It never has been. It never will be. Because we never know when God will call us home. And that is one call that we cannot refuse to answer. No matter who we are.
We cannot say, “Wait a minute, Lord, I haven’t finished this or that. Call me back tomorrow.”
We can’t refuse to answer that call and let Him leave a voicemail message we can return a day or so later when we’re not so busy.
We cannot say, “But I have to make things right with this or that person before I go. I just haven’t had time…”
We don’t even get the chance to say, “But Lord, why me, and why now? Life is so good, and I have so much more to enjoy here. I’m not ready. I need to wait awhile.”
When God calls us home, He means it. There’s no discussion. That is the one thing He tells us that He gives us no choice but to obey.
His commandments? Of course He wants us to obey them. How many of us obey them all, even though He told us to? I guarantee each of us has broken at least one, or more, in our lifetime. And probably will again before we’re called home.
And His commandment to love one another as He has loved us? That’s tough, and also one we’ve all broken. We have free will to do anything we want here on earth, and none of us can say we ALWAYS obey His word.
Not one of us.
But when He calls us home on that day and hour only He knows, then it’s over for us here on earth. We can’t come back and make things right with those we’ve hurt, or those who’ve hurt us.
And for those who are left behind, we also have to deal not only with our feelings of loss, but our own feelings of regret for things said and unsaid. For plans made and never followed through. For time we wanted to spend together, but never got around to it.
We’ve all heard the saying “live each day as if it’s our last one here on earth.” But do any of us ever do that? I know I certainly don’t. I’ll be the first to admit it.
Our last day could easily be today. We have no way of knowing.
The other day I read a story about a man who dropped dead at his daughter’s wedding. Right after their father-daughter dance. No warning. And he certainly had had a few more plans of his own for the rest of that day.
A high school friend’s twin sister died unexpectedly a few days before Christmas. She hadn’t shown up for work that day, and when worried co-workers went to her apartment, they found her dead. Again, no warning. She had a full calendar of plans for the next three weeks, both for work and in her personal life. She hadn’t been planning on leaving.
The other night I looked at my Facebook and saw a friend of ours who had years ago moved to Israel to live his dream had passed away suddenly from a massive heart attack. Again, there was no warning. His daughter is a few days away from delivering his third grandchild, whom he will never meet here on this earth.
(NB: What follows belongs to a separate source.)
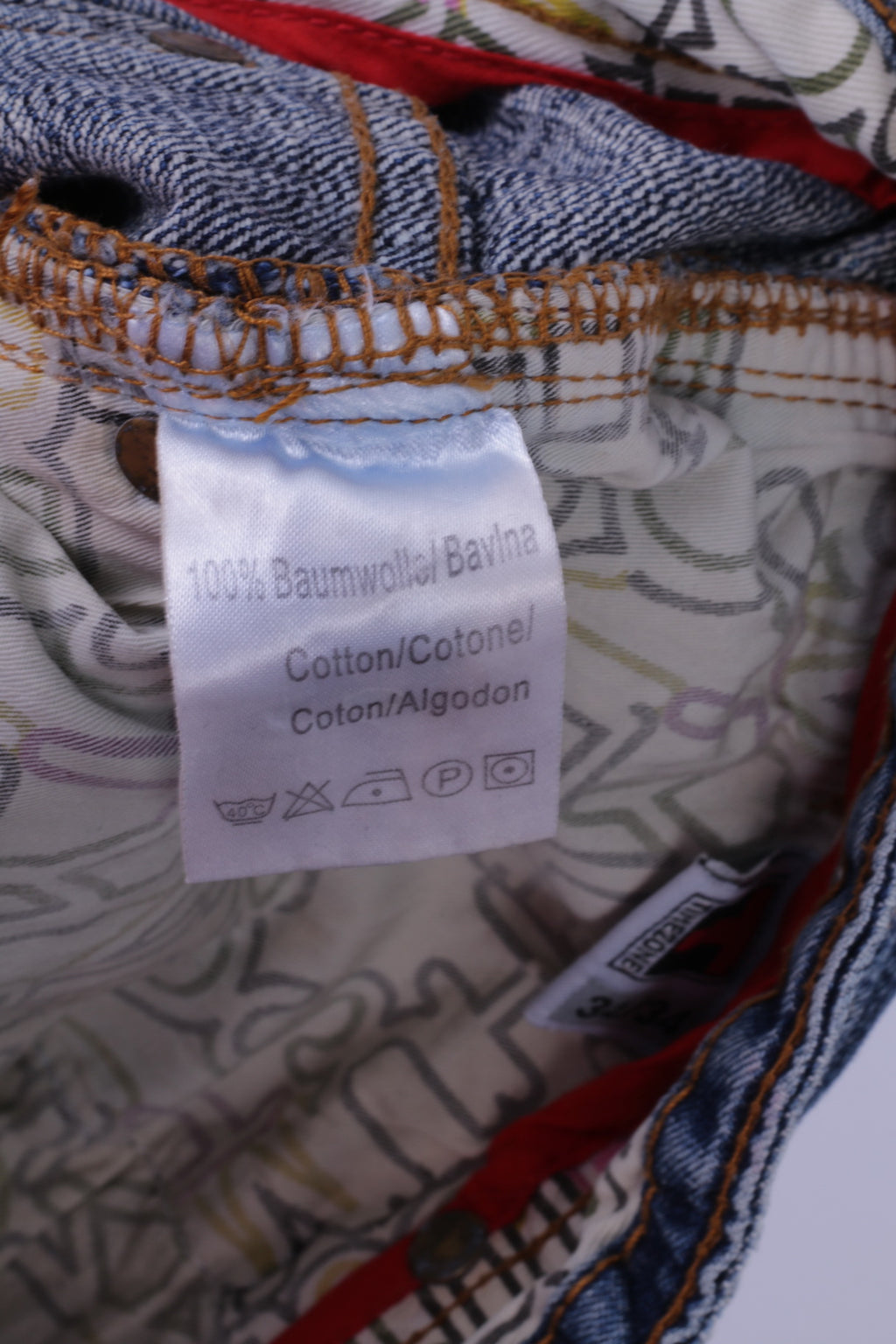 Pantaloni jeans da uomo W34 L34 Timezone Pantaloni a gamba dritta Willis stile cotone blu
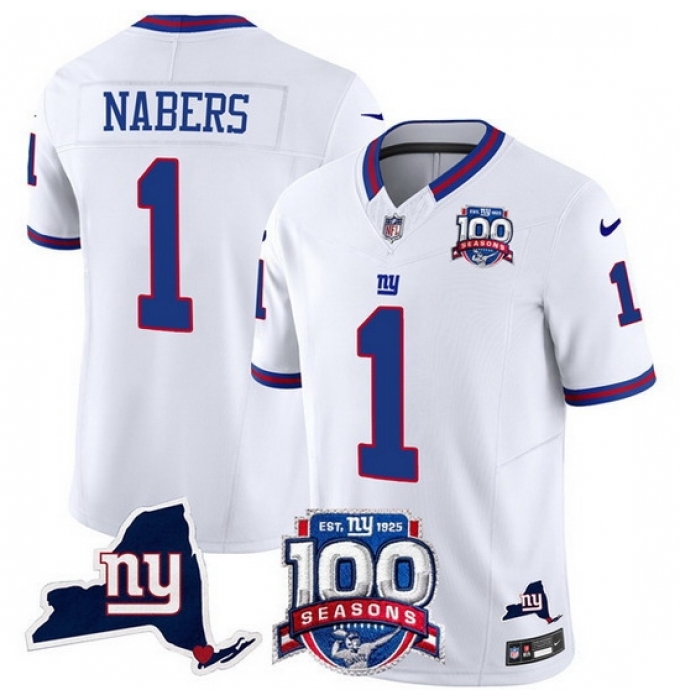 Men's New York Giants 1 Malik Nabers White 2024 F U S E 100th Season And State Vapor Limited Stitched Football Jersey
His wife announced the event in five profoundly sad words: “My precious husband is gone.” I can hear her tears.
Yonatan, dear friend, you inspired this writing. You will be sorely missed by all who knew you. By all who were blessed to have eaten one of your delicious home-cooked meals, enjoyed the wines from your vineyard, and marveled at your expertise as a tour guide in your beloved Israel. May God continue to watch over those you loved and left behind.
No, tomorrow is not promised.
So what are you doing with your today? There may not be a tomorrow.